A trip to Canakkale wouldn’t be complete without going to Troy. And since Fatso is our budding historian/archaeologist we simply had to go.
A visit to Troy is actually split into two parts: The archaeological museum in Canakkale city centre; and the main archaeological site of Troy about 25 km south of the city.
Because we were visiting on our way to Ankara we didn’t have time to stop in Canakkale and it also meant any time in Troy itself was limited. We had woken up at 5am to get the 7o’clock ferry from Gokceadi and then the 9am ferry to Canakkale. The drive to Ankara would be another 8 hours according to Google maps and that was without the necessary stops. It’s a shame because we definitely could have stayed a lot longer.
Even though it is mid August, the Canakkale coast and Dardenelles get a lot of wind meaning it didn’t feel as hot as the 30 degrees on the thermometer. Plus the site is filled with plenty of mature trees, mainly oak and gorgeously scented figs, so lots of shade. Recognising that people will want to sit and take in the site there are also a good few benches under the trees.
Unfortunately Lai was to be disappointed early on because the promise of a big wooden horse did not materialise. In the car he had got increasingly excited about the prospect of pretending to be a soldier hiding in the horse to trick the Trojans. It was cordoned off and no climbing allowed. The signed said it had been constructed in 1984 but a friend told me she had heard Brad Pitt donated the one after filming his Hollywood blockbuster. If he did it isn’t here.
My kids have got used to being able to clamber over castles in the UK, but being a historical site with active archaeology continuing much of it is roped off. This didn’t bother Fatso, as although he also loves to climb and re-enact battles, he also loves to learn. For Smelly and Lai this became and exercise in testing my patience as they increasingly expressed their boredom. Unless you have kids like Fatso, who adore Horrible Histories and drink in history without having to touch absolutely everything or climb, I would say that this isn’t perhaps the best place to bring them. Fatso also faced disappointment when we encouraged him to ask questions of the archaeologists and was roundly ignored. Turkey has a long way to go to make museums and sites like these attractive for kids but it will get there slowly.
The site is well organised with walkways and ropes showing what is off limits. There are a few parts to climb on, such as the outer walls. The are just enough information boards with timelines and descriptions to give a good overview without overloading you. They also show just how long the city of Troy was around for and how it expanded. Most kids will just learn the story of the Helen and the horse.

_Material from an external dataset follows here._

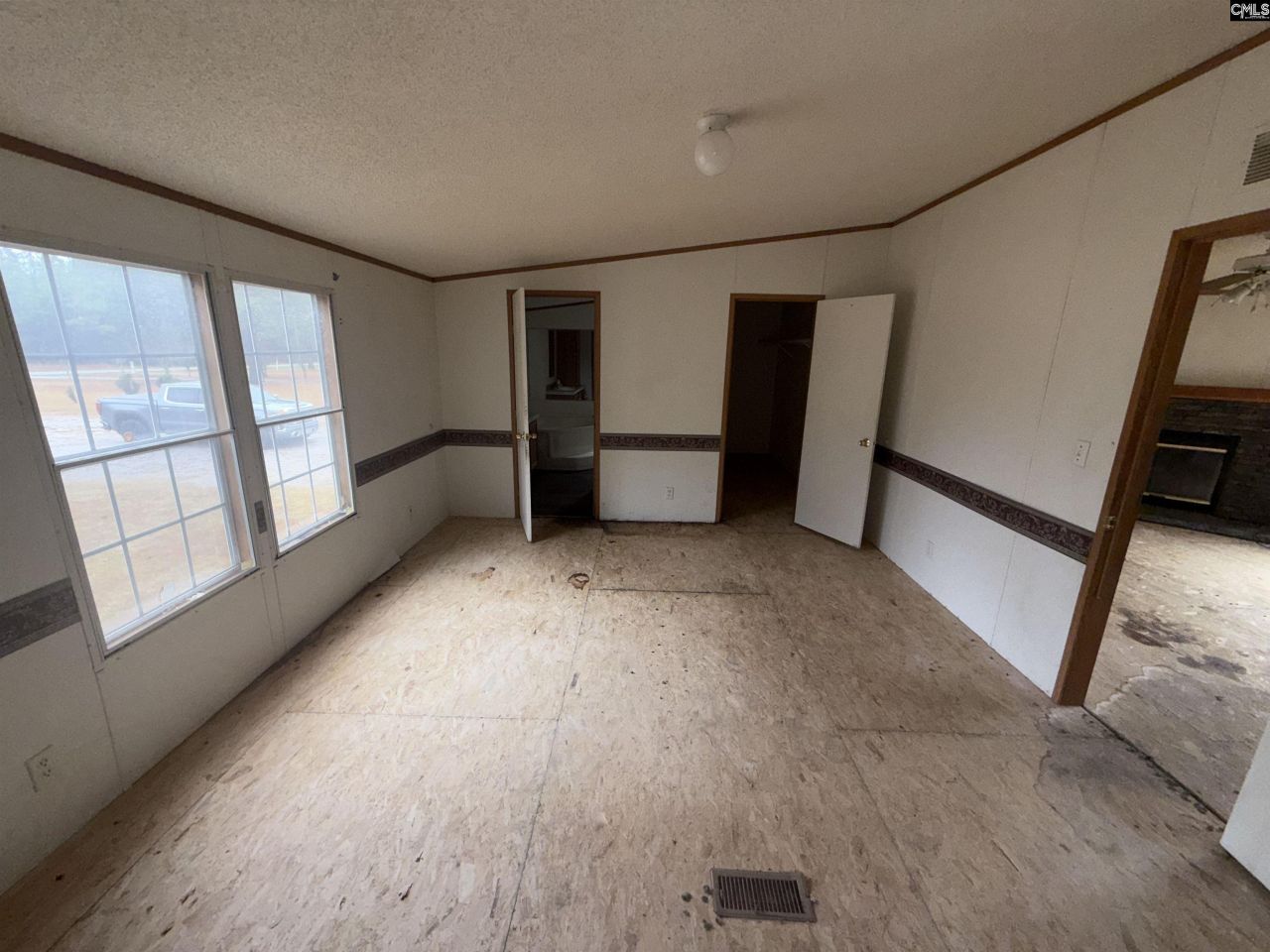 5163 Old Airport Road Photo 18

In fact, Trojan history includes way more than this and shows the city was there for centuries.
The site is on top of a hill that overlooks a plain of what is now farmland. From what we could guess most of this would have been covered by the sea in the past.
Although it doesn’t look much when you first park up and enter the site, once you start to walk around you soon start to marvel at what they achieved. While quite a bit is piles of rubble, the archaeologists haven’t attempted to reconstruct it but rather they have revealed what is there and described it. Except for one part. When you get to the inner city walls, that would have surrounded the largest temple area they have recreated the mud brick walls to protect the existing ones. This is covered by a large awning and allows you to get closer than anywhere else on the site. Touching is encouraged here, sadly that didn’t thrill Smelly and Lai.

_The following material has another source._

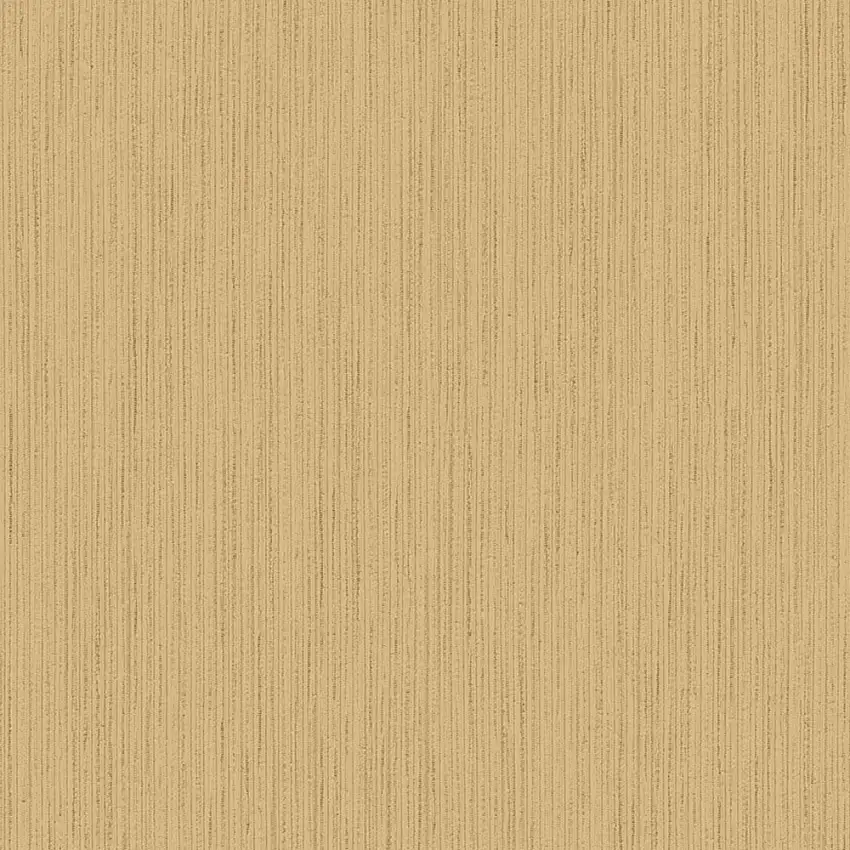 Tapet Galerie WallcoveringsVery Special G67682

There are other temple sites and these were expanded and divided as the city grew. In one area there are what look like wells that are now covered with metal grates and sparrows dive in and out of them. Huge birds of prey soar above the plains below. In another bit you can see where the outer walls expanded as the city grew.
We easily could have spent a lot longer there. It would have been nice if the archaeologists were willing to engage with visitors. Especially as their current excavation they were uncovering what looked like water pipes. An earlier display had described how the Trojans used three types of systems to pipe fresh water to the city: stone, lead, and terracotta. We did see what seemed to be gullies that would act as sewers and only one clear path that was the entrance to the main inner city temple area.
Much of what you see at Troy is stone or mud brick that formed the foundations of buildings but there is some marble that remains in a few places. It would have been preserved for the visible parts of the building for ornamentation. And probably, as with most sites like these, a lot been taken over the years by people using it to build houses later, treasure hunters, and foreign archaeologists. Even so, the fact that they are still digging, and quite deeply too, shows that there is still much to discover and quite a bit preserved by the land that later covered much of the city after its destruction.
Fatso said he had read they had uncovered a mosaic recently. If they have they must have moved it to the museum. He was impressed by the amphitheatre. Not sure how much of that they put back together but they have added a wooden stage at the front. That may be for effect as it clearly wasn’t for clambering on and playing.
I had been told that Troy was a bit of a disappointment. Whoever said that clearly has no interest in history. Ours was a whistlestop tour of the place but we could have stayed much longer. You can really understand why people chose to establish a city there, it’s a beautiful place and strategically brilliant as you can see for miles. It’s far more than a big wooden horse and a pile of stones.